= UNNExT =

Trade organisation in Asia and the Pacific

The United Nations Network of Experts for Paperless Trade and Transport in Asia and the Pacific (UNNExT) is a community of trade facilitation specialists and practitioners focusing on simplifying import, export and transit procedures by enabling traders and governments to exchange information electronically and through automated and integrated systems, including national and regional Single window. The Network has made significant contributions to the development of trade facilitation and paperless trade in the region.

==History and evolution==

Launched by the United Nations Economic and Social Commission for Asia and the Pacific in cooperation with United Nations Economic Commission for Europe in 2009, early work of the Community focused on building capacity of developing countries on fundamental issues associated with single window and paperless trade system development, such as business process analysis of trade procedures, data harmonization, and legal framework development.

Initially referred to as the UN Network of Experts for Paperless Trade in Asia-Pacific “Transport” was added to the full name of the network in 2014 in recognition of the importance of transit facilitation and transport-related procedures for the many landlocked developing countries members of ESCAP, particularly those in Central Asia. Taking into account the importance of small and medium-sized enterprises and agriculture for the sustainable and inclusive development of the region, recent work of the Network has increasingly focused on these two sectors since 2012.

With the growing interest and investment of Governments in the development of national single window and related paperless trade systems, addressing the issue of system interoperability and the need to enable electronic exchange and legal recognition of data and documents across borders has become more pressing.
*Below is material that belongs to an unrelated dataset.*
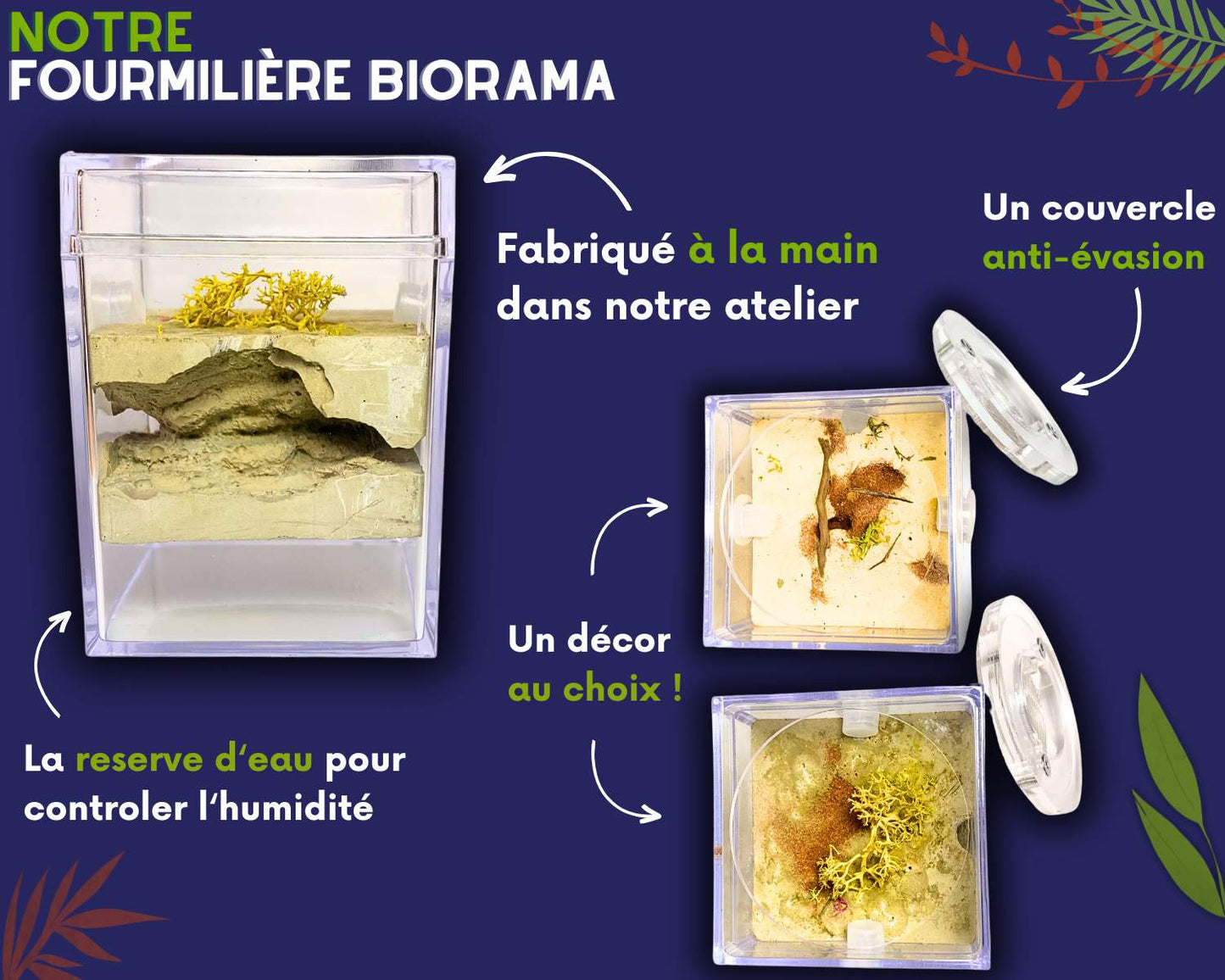 Kit d'élevage fourmis Camponotus Fedtschenkoi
A UNNExT Advisory Group dedicated to this issue was set up in 2013 and provided significant support in the development of the “Framework Agreement on Facilitation of Cross-Border Paperless Trade in Asia and the Pacific”, a new United Nations treaty open for signature to 53 ESCAP member states starting 1 October 2016.

The continuous demand for capacity building on paperless trade and trade facilitation has led the network to develop online training and certification programmes, with a first e-learning series on "Business Process Analysis for Trade Facilitation" launched in 2015.

As emphasized in the UNNExT-supported 7th Asia-Pacific Trade Facilitation Forum held in Wuhan, China in 2015, there are strong linkages between paperless trade and e-commerce and future work of the network is expected to address procedural bottlenecks to cross-border e-commerce.